Trata-se também de caso relativo a concurso público, em que os aprovados desejavam demonstrar a existência de vagas disponíveis para o cargo de Auditor Fiscal Tributário Municipal Classe I, a fim de que fosse decretada a prorrogação do prazo de validade do concurso, em face do interesse público em preencher o quadro de servidores. Com efeito, diversamente da situação anterior, as vagas ofertadas em edital já haviam sido preenchidas. Os impetrantes buscavam o direito a serem nomeados para as vagas que surgiram no quadro da Administração no prazo de validade do concurso.
Analisando as circunstâncias do caso concreto, a MM Juíza determinou a prorrogação do prazo do concurso, com fundamento no princípio da razoabilidade e nos demais princípios específicos de direito administrativo, descartando qualquer ofensa ao princípio da separação de poderes. Conforme aduz, "não se trata de substituir a vontade administrativa, mas sim de vê-la aplicada".
Há que se ter em mente que a vontade da Administração Pública não pode ser confundida com o capricho do administrador. Patente o interesse público, deverá a medida correta e ideal ser adotada, caso contrário, poderá o Poder Judiciário invalidar o ato ou mesmo determinar que seja cumprida uma obrigação de fazer. Tal entendimento é corroborado por Andreas Krell, ao afirmar que:
"Como conseqüência da divisão dos Poderes, o juiz somente pode, em princípio, anular um ato administrativo; cabe, no entanto, à Administração reeditá-lo, se as condições fáticas do caso exigirem tal comportamento. Nos casos de redução da discricionariedade ‘a zero’, o juiz emite um pronunciamento condenatório, e não somente anulatório" [52].
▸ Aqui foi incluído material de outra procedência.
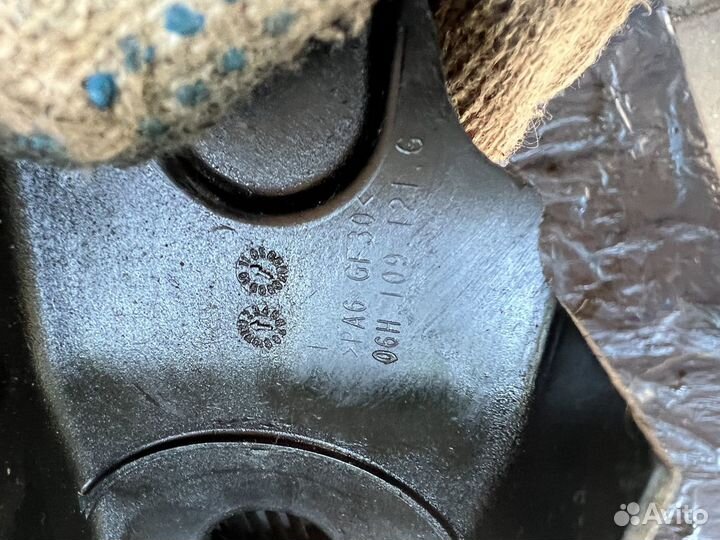 Кожух помпы CDN Audi A6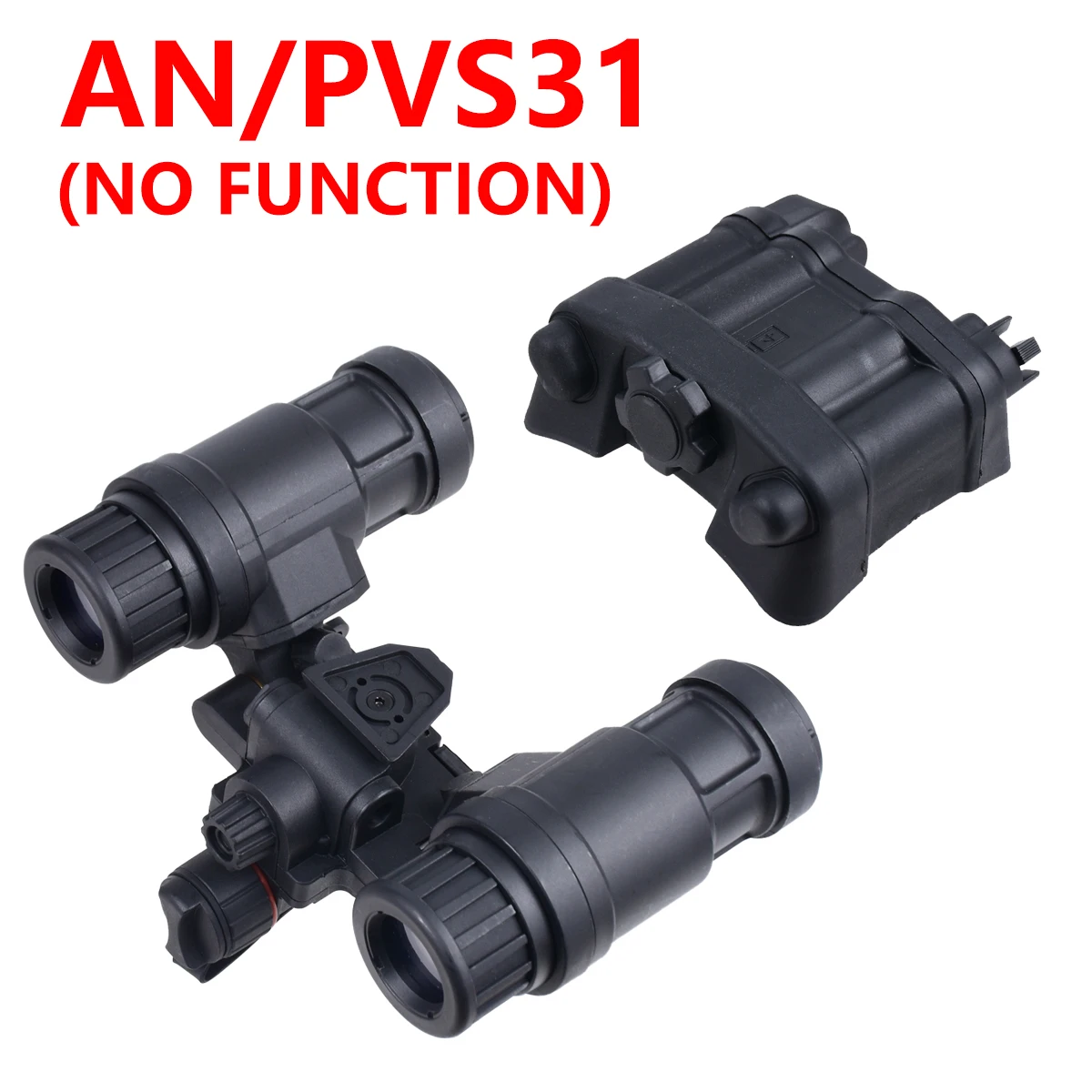 

AN/PVS31 двухтрубные бинокулярные очки ночного видения, реквизит-пустышка, аксессуары для страйкбольного шлема, модель для охоты, косплея, без функции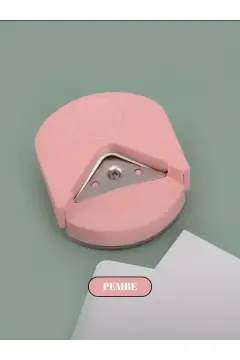 دستگاه برش گوشه برای کاغذ El Tipi K100 (صورتی)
Enfim, extrai-se de tais julgados que, a depender das circunstâncias fáticas, o Juiz poderá determinar desde a simples anulação de um ato administrativo discricionário, sob os fundamentos de infringência à lei, aos princípios (por exemplo, o da razoabilidade), abuso de poder, ausência de motivação, etc., até um juízo condenatório, fazendo surgir uma obrigação para a Administração. Não mais há aquela limitação despropositada de que haveria violação ao princípio da separação de poderes, porque se assim fosse o Poder Executivo teria mais força que os demais, afigurando-se possível a adoção de atitudes deliberadas por parte daquele sem que o Judiciário pudesse proceder ao controle, o qual também é constitucionalmente exigido, seja pela harmonia imposta no art. 2º, seja quando imposto no art. 5º que não se excluirá da apreciação do Judiciário lesão ou ameaça a direito.